_Aim of the task_
Return exactly the lines of the data below, from the one that contains "Eurmax canopy-tent-anchor-kit with" through the final line, and leave out every picture.

:: Dataset entries ::

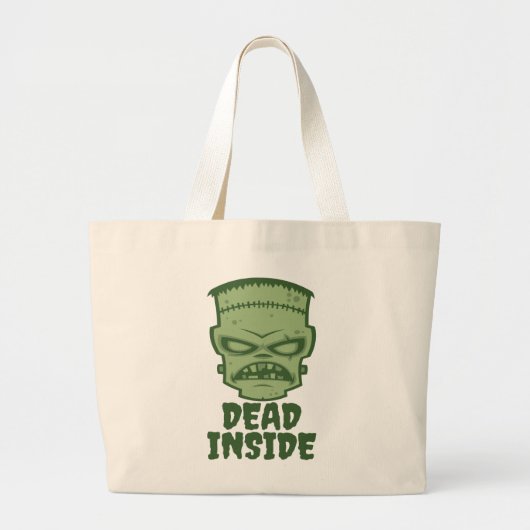 Dead Inside Frankenstein Monster Jumbo Stoffbeutel (Vorne)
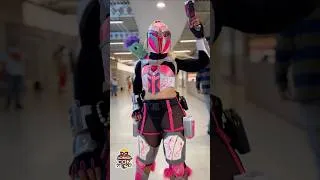 Thumbnail: Barbielorian Mandalorian Cosplay #shorts #mandalorian #starwars #cosplay #barbie  #halloween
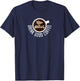 Life Is Short Drink Good Coffee Barista Cafe Funny Coffee T-Shirt - T-Shirt | Navy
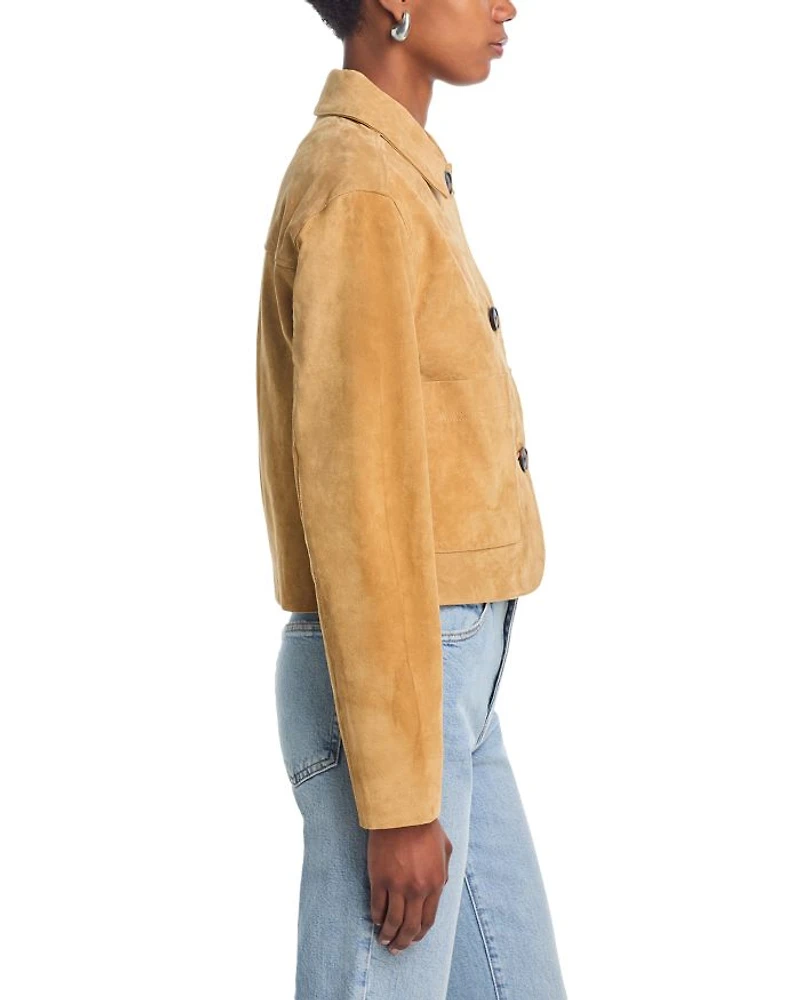 Suede Cropped Jacket
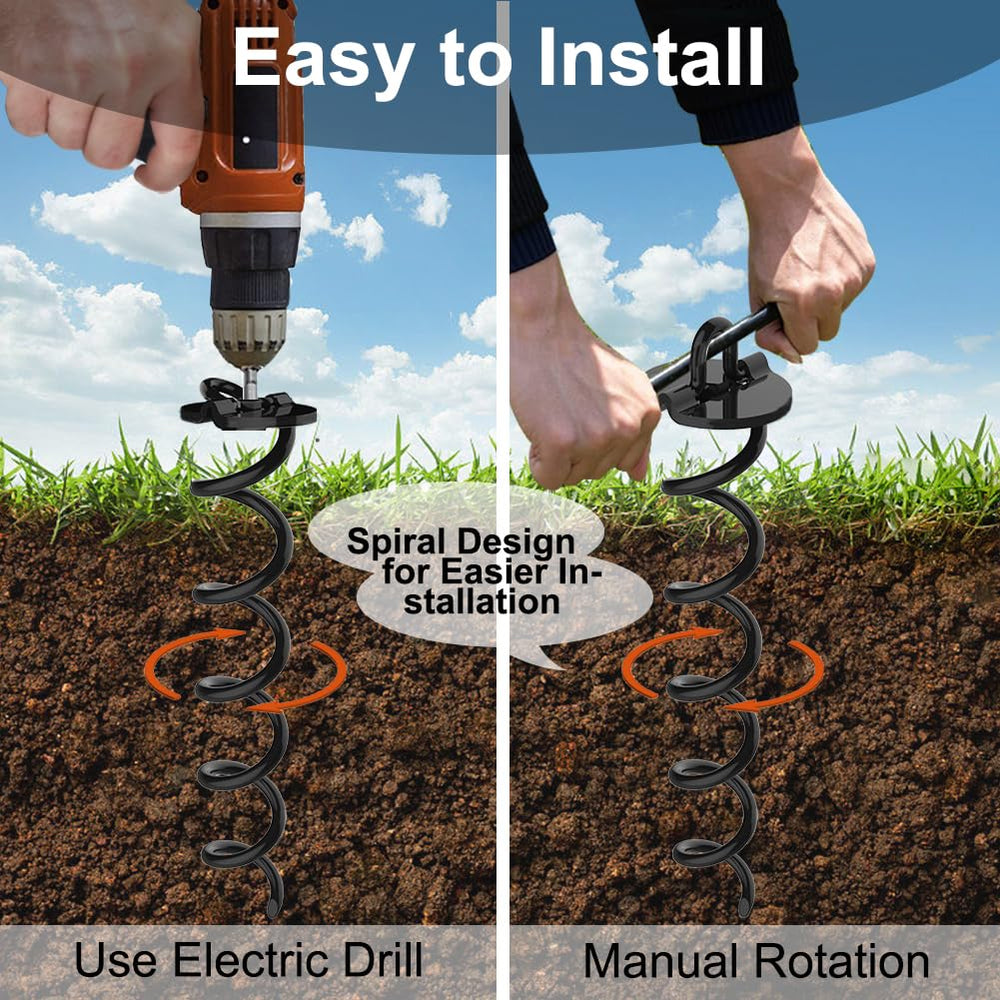 Eurmax canopy-tent-anchor-kit with heavy steel for stability.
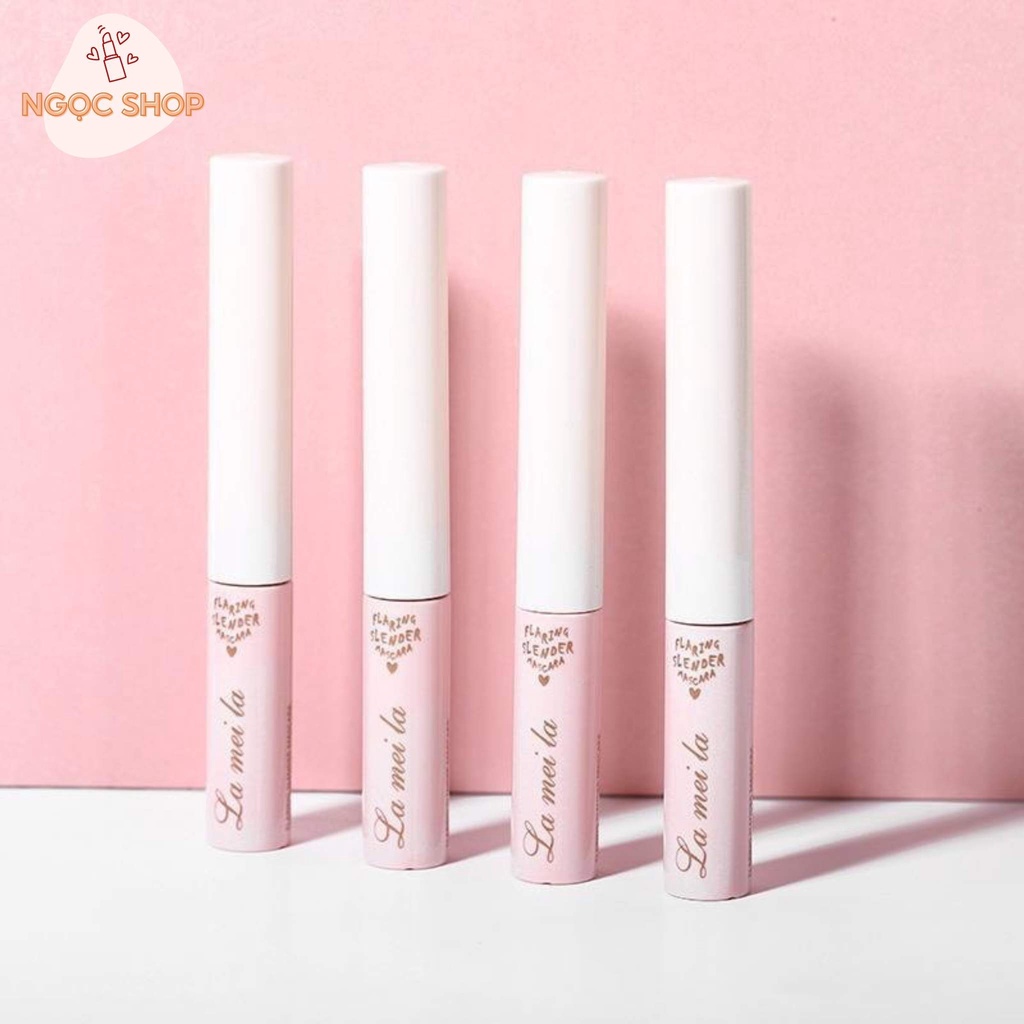 Mascara Siêu Mảnh Tơi Mi Lameila Skinny Microcara Vỏ Hồng 3.5g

:::

_Answer to this task_
 Eurmax canopy-tent-anchor-kit with heavy steel for stability.
 Mascara Siêu Mảnh Tơi Mi Lameila Skinny Microcara Vỏ Hồng 3.5g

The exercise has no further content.